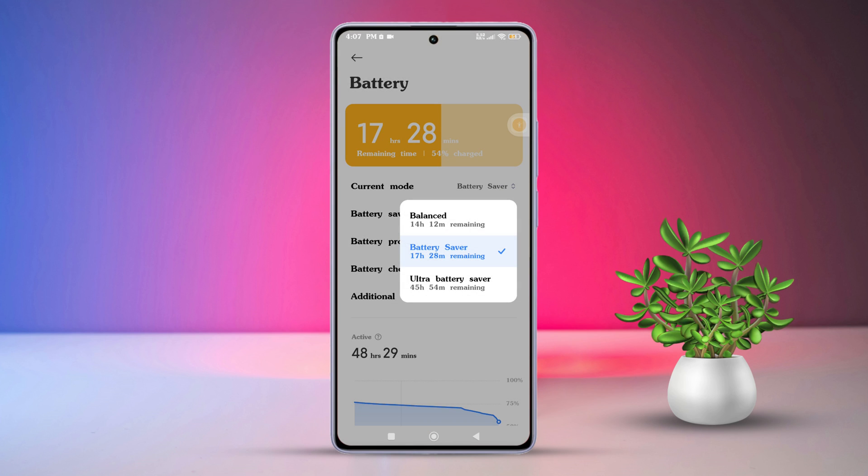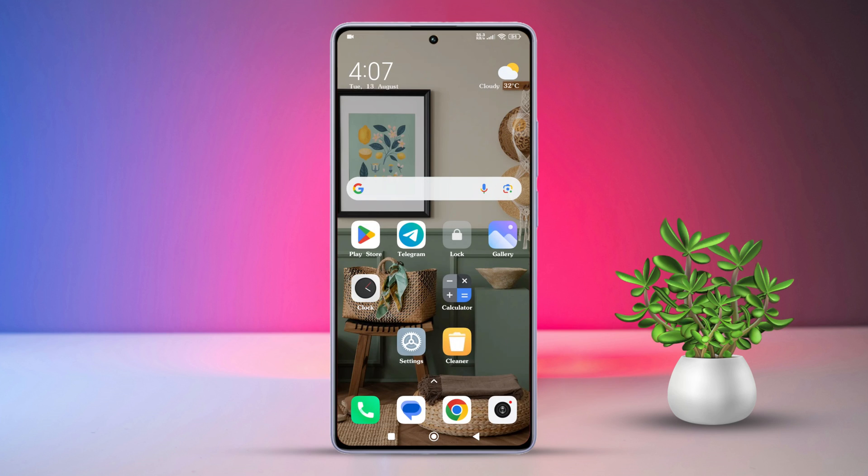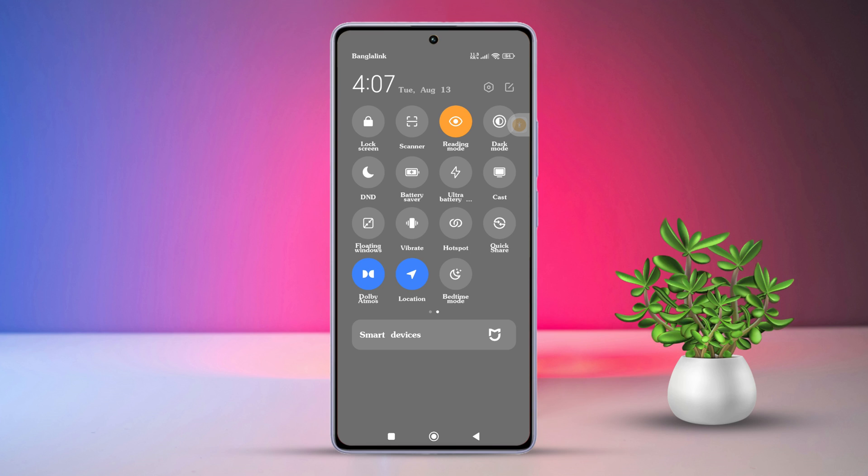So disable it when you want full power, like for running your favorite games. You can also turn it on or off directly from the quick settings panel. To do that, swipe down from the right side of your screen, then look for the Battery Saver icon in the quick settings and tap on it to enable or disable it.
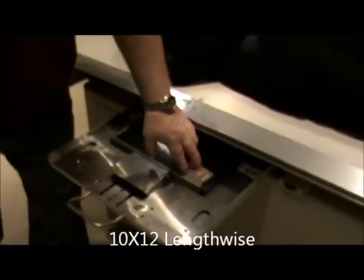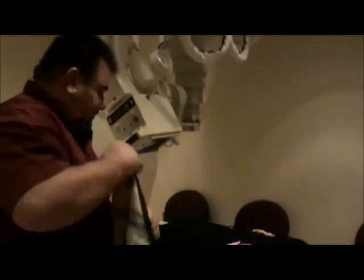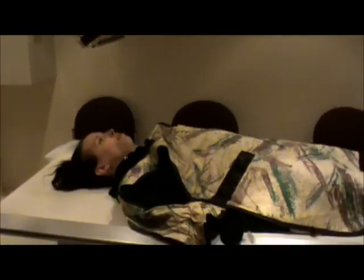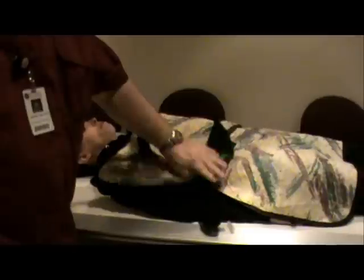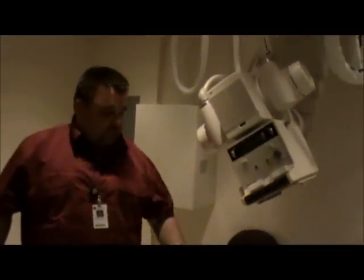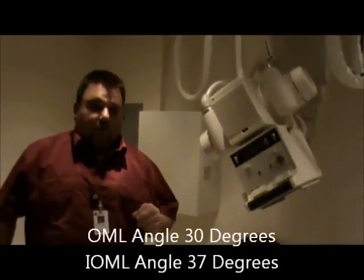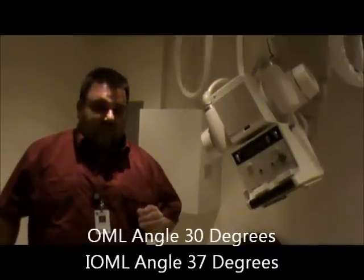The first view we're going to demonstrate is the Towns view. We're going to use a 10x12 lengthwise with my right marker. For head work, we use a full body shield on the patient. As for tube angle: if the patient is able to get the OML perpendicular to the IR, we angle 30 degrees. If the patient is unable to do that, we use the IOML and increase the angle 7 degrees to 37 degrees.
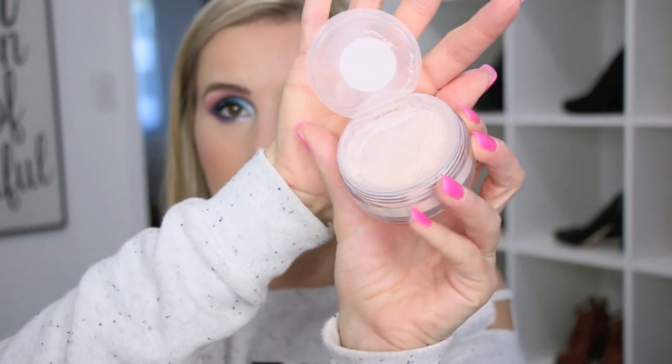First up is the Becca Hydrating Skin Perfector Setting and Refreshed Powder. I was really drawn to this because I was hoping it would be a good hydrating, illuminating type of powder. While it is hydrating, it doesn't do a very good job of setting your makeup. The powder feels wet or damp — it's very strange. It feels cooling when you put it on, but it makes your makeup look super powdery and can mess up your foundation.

[Exercise description] Reproduce each line above precisely, with no pictures.

[Solved exercise]
So disable it when you want full power, like for running your favorite games. You can also turn it on or off directly from the quick settings panel. To do that, swipe down from the right side of your screen, then look for the Battery Saver icon in the quick settings and tap on it to enable or disable it.
The first view we're going to demonstrate is the Towns view. We're going to use a 10x12 lengthwise with my right marker. For head work, we use a full body shield on the patient. As for tube angle: if the patient is able to get the OML perpendicular to the IR, we angle 30 degrees. If the patient is unable to do that, we use the IOML and increase the angle 7 degrees to 37 degrees.
First up is the Becca Hydrating Skin Perfector Setting and Refreshed Powder. I was really drawn to this because I was hoping it would be a good hydrating, illuminating type of powder. While it is hydrating, it doesn't do a very good job of setting your makeup. The powder feels wet or damp — it's very strange. It feels cooling when you put it on, but it makes your makeup look super powdery and can mess up your foundation.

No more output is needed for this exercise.